O tempo não foi muito justo com W.C. Fields, que hoje está bem esquecido (ao menos fora dos EUA). Boa oportunidade, portanto, é essa caixa da Magnus Opus, até porque o comediante mal humorado e impaciente casa bem com estes tempos em que é cool fazer humor politicamente incorreto. Mais interessante do que Fields (que não é nenhum Groucho Marx ou Harold Lloyd), são particularidades da seleção. O menos interessante dos filmes é o mais famoso, O Guarda, que sofre com uma direção arrastada, mas tem lá a sua graça, especialmente quando Fields se vê acidentalmente empregado como diretor de cinema. O Selvagem nós dá rara oportunidade de nos encontrarmos com Gregory La Cava, um dos grandes cultores da comédia sofisticada dos anos 30 (atenção para Irene, a Teimosa, existente em VHS), em início da carreira. La Cava e Fields é um casamento de sensibilidades muito estranho, o que por si só é motivo para conferi-lo. Por fim, a irregular seleção de curtas inclui dois filmes de Arthur Ripley, uma das interessantes carreiras obscuras de Hollywood (que vai da década de 10 até o final dos anos 50), responsável por perolas como o noir surrealista The Chase e o road movie existencial Thunder Road (um autêntico precursor de Monte Hellman). Não se trata do melhor trabalho de Ripley, mas na ausência de filmes maiores dele está valendo.

 
O PREÇO DE UMA VERDADE, de Billy Ray
Shattered Glass, EUA, 2003
(Columbia)

Pode-se apontar nesta estréia do diretor Billy Ray um excesso de cacoetes de cinema independente americano, assim como um visual duro que deixa bem claro as origens como roteirista do diretor. Mesmo assim, é difícil negar a boa mão dele para com os atores, e especialmente a habilidade com que nos conduz pela história verídica do jovem jornalista que produziu divertidas matérias ficcionais durante anos numa das revistas semanais mais respeitadas dos EUA. Ray é especialmente feliz na forma como sugere as diferentes maneiras pelas quais colegas, amigos e leitores se dispõem a comprar as mentiras do farsante. A lamentar a ausência da bastante interessante faixa de comentário existente no DVD americano, não apenas pela honestidade de Ray sobre assuntos como alterações pós-exibições-teste e cenas salvas pelo montador, mas também pela presença do ex-editor da revista (interpretado por Peter Sarsgard no filme) criando um efeito fascinante de ver uma figura verídica comentando sua versão romantizada na tela. Com sorte, a Columbia a incluirá na versão para venda direta.

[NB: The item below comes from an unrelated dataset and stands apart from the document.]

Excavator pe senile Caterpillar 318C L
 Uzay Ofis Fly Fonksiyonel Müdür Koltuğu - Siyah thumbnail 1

RIO VERMELHO, de Howard Hawks
Red River, EUA, 1948
(Playarte)

Hawks coloca o elemento humano num tema épico. Trata-se de um dos seus melhores e mais complexos filmes. A estrutura aqui está mais próxima das comédias com a personagem de John Wayne sendo destruída, para poder ao fim ressurgir (não à toa os fazendeiros-vilões de El Dorado e Rio Lobo muito se assemelham a Wayne aqui). Estamos também diante de um fascinante documentário sobre uma filmagem caótica na qual Hawks constrói dramaticamente o filme ao longo do processo, mudando as forças que duelam pelo poder (o co-protagonista original John Ireland desaparecendo ao fundo enquanto o jovem Montgomery Clift se afirma como o verdadeiro antagonista de Wayne). È uma rara oportunidade de sentir como um filme pode ser achado enquanto é feito. O elenco todo é notável e o final, na sua abrupta radicalidade, é um bom argumento contra quem acredita que Hawks é um mero exemplar do cinema clássico. Mais pesado e pessimista que outros filmes do cineasta, pode pegar de surpresa o espectador desprevenido, mas como todo Howard Hawks maior é obra essencial.

 
A VIÚVA ALEGRE, de Ernst Lubitsch
The Merry Widow, EUA, 1934
(Classic Line)

A mais encantadora das operetas hollywoodianas, com o melhor casal possível (Maurice Chavalier e Jeanette McDonald) e dirigida pelo grande cineasta a ter se aventurado pelo gênero. O que Lubitsch faz aqui é um pouco uma grande despedida para algo que já então estava saindo de moda. Os closes que Lubitsch retira de Jeannete McDonald entregam o projeto crepuscular do filme (há aqui toda uma fascinação por uma arte que já não tem lugar). Da mesma forma, a trama em tom de farsa se aproxima mais das comédias que o cineasta realizava na época do que de um Monte Carlo. O que torna A Viúva Alegre ainda mais tocante e pessoal é justamente o modo como Lubitsch consegue se inserir no filme, ele próprio um homem tão crepuscular quanto a arte para a qual diz adeus. A Classic Line, mais uma vez, confirma ser entre as nossas distribuidoras aquela que faz o melhor trabalho de escavação de títulos e cineastas pouco óbvios e/ou fora de moda, mas segue oferecendo edições desprovidas de atrativos nos extras.

 
ZAROFF, O CAÇADOR DE VIDAS, de Irving Pichel e Ernest Schoedsack
The Most Dangerous Game, EUA, 1932
(Magnus Opus)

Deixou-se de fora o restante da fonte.